President Obama campaigns in Ann Arbor for Hillary Clinton

- Michigan is front and center in the race for the white house and some say it could even be the tipping point that puts one of the candidates over the top.

Both Donald Trump and Hillary Clinton are making stops in our state on the eve of the election. President Barack Obama is also making an appearance, doing his best to keep Michigan squarely in the Democrats' column.

While there's been a lot of talk about the star power on the campaign trail along with Hillary Clinton, you don't get much bigger than this with the President of the United States.

"Hello Michigan! Go blue!" Obama said.

Obama addressed the crowd gathered at the University of Michigan with Jim Harbaugh over his shoulder.

"He's focused and I need you to stay focused," Obama said. "Because I'm asking you to pull off another victory this week."

Tuesday to be precise - Election Day - and on Monday President Obama was campaigning hard to get out the vote for the woman he hopes will succeed him as president - Hillary Clinton.

"I'm feeling sentimental, this is going to be probably my last day of campaigning for a while," Obama said.

The president thanking the organizers, the crowd took them back to eight years ago - when he became commander in chief.

"We were living through two long wars, going through the worst economic crisis in 80 years," he said.

Harkening back to the auto crisis and his role in saving the auto industry - President Barack Obama asked voters to build on his legacy and keep Michigan a blue state.

"There's only one candidate in this race who's devoted her life to that better America," Obama said. "And that is the next president of the United States - Hillary Clinton."

President Obama steered clear of any mention of the email scandal that's plagued Clinton's campaign, the president instead turned to her opponent.

"The choice you face when you step into the voting booth it really could not be more clear," he said. "Donald Trump is unfit to be commander in chief."

"Don't boo," Obama said. "Vote, he can't hear your boos but he'll hear your vote tomorrow."

Which is exactly the message these voters intend to send.

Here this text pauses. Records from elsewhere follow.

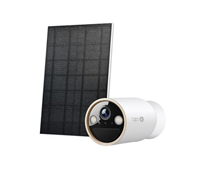 TP-Link Tapo C460 IP kamera - sada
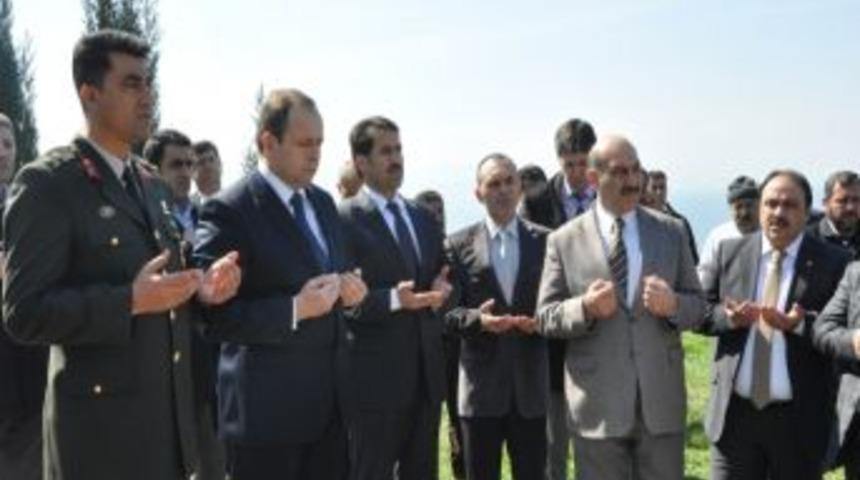 Dilovası'nda &Ccedil;anakkale Coşkusu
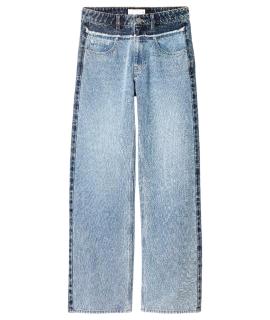STELLA MCCARTNEY Прямые джинсы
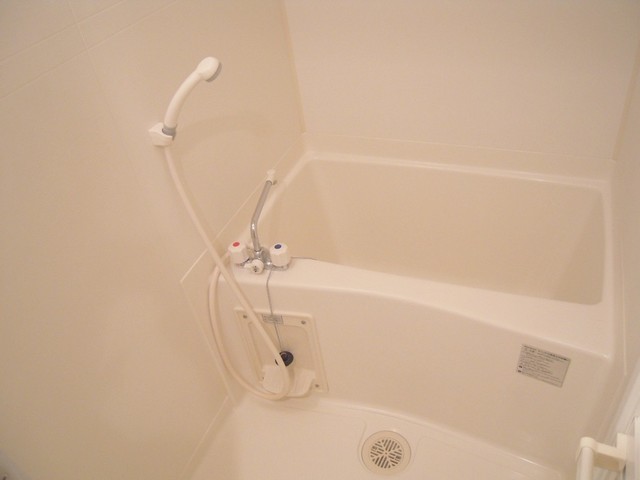 プレシャス お風呂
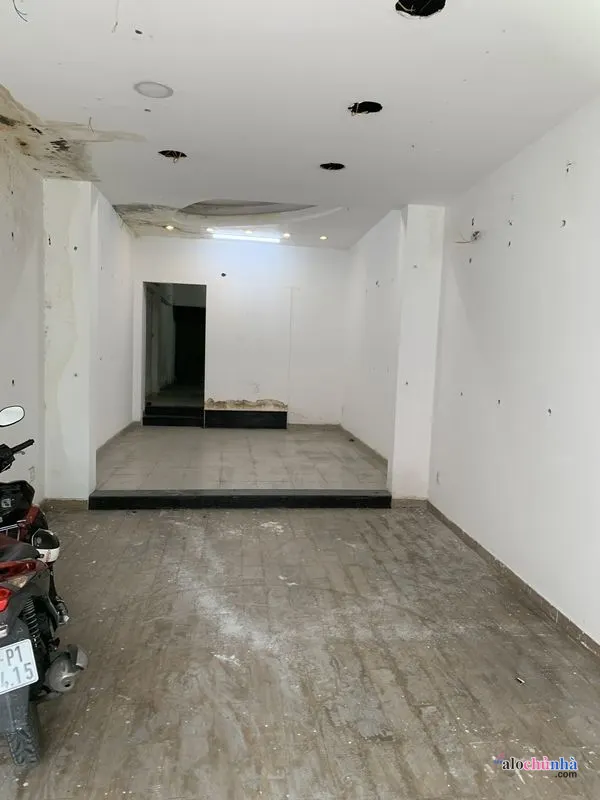 Bán Nhà số 1007/15 Đường Lạc Long Quân, Phường 11, Quận Tân Bình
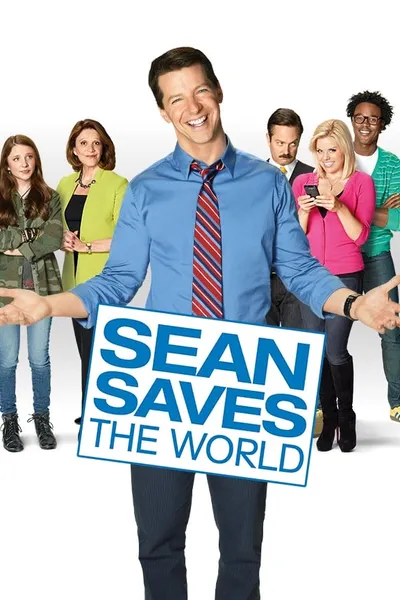 Sean Saves the World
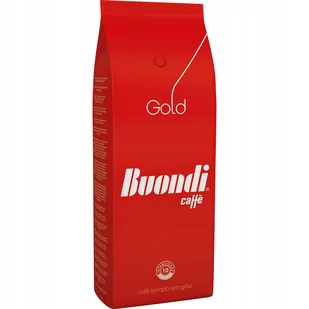 Nescafe BUONDI GOLD KAWA ZIARNISTA 1KG - Kawa - miniaturka - grafika 1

"I think a lot of people didn't really know the importance of Michigan," said Allan Geoffrion. "I think that's the beauty of this whole thing."

"When he came to Michigan he (made) us proud and he gave us honor that we are important," said Yameen Jaffer trustee candidate Pittsfield Twp.

"I love the message of stronger together," Emily Jobe said. "I definitely think our country can only move forward when we are unified and we try to understand each other instead of attacking each other."